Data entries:

-------

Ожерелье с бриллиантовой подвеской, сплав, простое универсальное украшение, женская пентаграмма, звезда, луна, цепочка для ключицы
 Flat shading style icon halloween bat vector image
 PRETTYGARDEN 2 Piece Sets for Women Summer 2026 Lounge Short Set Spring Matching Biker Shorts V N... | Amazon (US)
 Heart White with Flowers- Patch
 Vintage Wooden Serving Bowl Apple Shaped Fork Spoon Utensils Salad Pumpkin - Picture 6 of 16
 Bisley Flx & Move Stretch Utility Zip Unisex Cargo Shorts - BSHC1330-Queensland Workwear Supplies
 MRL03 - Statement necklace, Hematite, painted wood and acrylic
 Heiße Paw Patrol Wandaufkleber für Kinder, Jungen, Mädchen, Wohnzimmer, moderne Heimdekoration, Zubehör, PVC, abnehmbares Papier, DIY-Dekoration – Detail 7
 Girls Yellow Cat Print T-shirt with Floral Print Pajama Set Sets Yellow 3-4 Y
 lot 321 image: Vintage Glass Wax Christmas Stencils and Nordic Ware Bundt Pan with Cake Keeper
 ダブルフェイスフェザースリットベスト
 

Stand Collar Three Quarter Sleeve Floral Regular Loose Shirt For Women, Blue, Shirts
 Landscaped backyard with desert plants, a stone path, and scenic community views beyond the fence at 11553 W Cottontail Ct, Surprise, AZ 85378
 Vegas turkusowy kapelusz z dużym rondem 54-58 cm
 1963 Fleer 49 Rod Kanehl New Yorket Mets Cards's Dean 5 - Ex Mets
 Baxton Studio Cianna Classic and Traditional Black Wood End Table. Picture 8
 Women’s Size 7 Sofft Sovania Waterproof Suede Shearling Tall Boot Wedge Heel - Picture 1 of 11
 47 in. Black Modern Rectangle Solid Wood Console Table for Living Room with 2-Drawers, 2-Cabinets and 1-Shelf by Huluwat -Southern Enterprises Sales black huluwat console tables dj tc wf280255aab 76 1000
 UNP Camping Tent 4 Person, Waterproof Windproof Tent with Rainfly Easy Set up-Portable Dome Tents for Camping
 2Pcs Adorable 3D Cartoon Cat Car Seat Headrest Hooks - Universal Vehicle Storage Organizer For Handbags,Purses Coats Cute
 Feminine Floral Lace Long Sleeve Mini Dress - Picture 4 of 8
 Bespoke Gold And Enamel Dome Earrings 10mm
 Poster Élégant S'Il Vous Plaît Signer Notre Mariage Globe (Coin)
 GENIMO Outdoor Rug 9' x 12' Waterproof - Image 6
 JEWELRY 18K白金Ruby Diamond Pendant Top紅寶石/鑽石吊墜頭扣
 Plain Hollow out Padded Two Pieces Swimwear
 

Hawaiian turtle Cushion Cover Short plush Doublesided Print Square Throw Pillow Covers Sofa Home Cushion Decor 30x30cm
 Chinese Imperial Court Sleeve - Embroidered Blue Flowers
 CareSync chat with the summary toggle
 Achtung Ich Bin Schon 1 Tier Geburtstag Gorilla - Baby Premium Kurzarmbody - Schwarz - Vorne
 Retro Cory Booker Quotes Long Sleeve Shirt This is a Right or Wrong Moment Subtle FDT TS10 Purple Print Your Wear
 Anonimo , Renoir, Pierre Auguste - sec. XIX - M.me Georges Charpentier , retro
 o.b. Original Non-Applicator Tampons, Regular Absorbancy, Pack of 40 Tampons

-------

Would you please repeat exactly the lines above, starting at the line with "Bespoke Gold And Enamel Dome Earrings 10mm" and stopping at the line with "CareSync chat with the summary toggle", both included?

### Response to this task
 Bespoke Gold And Enamel Dome Earrings 10mm
 Poster Élégant S'Il Vous Plaît Signer Notre Mariage Globe (Coin)
 GENIMO Outdoor Rug 9' x 12' Waterproof - Image 6
 JEWELRY 18K白金Ruby Diamond Pendant Top紅寶石/鑽石吊墜頭扣
 Plain Hollow out Padded Two Pieces Swimwear
 

Hawaiian turtle Cushion Cover Short plush Doublesided Print Square Throw Pillow Covers Sofa Home Cushion Decor 30x30cm
 Chinese Imperial Court Sleeve - Embroidered Blue Flowers
 CareSync chat with the summary toggle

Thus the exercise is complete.